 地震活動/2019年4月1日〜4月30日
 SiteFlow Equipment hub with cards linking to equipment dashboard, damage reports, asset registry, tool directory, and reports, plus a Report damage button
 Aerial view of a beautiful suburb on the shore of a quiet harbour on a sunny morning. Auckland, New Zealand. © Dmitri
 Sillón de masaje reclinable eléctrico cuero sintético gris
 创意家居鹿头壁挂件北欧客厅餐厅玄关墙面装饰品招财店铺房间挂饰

--

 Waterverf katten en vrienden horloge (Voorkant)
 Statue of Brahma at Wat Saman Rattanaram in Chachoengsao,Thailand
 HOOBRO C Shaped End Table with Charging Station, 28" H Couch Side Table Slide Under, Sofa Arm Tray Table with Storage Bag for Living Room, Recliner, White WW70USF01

# [Work instruction]
Among the records above, a stretch begins at the line containing "地震活動/2019年4月1日〜4月30日" and ends at the line containing "创意家居鹿头壁挂件北欧客厅餐厅玄关墙面装饰品招财店铺房间挂饰". Restate that stretch word for word, and nothing else.

# [Written response]
 地震活動/2019年4月1日〜4月30日
 SiteFlow Equipment hub with cards linking to equipment dashboard, damage reports, asset registry, tool directory, and reports, plus a Report damage button
 Aerial view of a beautiful suburb on the shore of a quiet harbour on a sunny morning. Auckland, New Zealand. © Dmitri
 Sillón de masaje reclinable eléctrico cuero sintético gris
 创意家居鹿头壁挂件北欧客厅餐厅玄关墙面装饰品招财店铺房间挂饰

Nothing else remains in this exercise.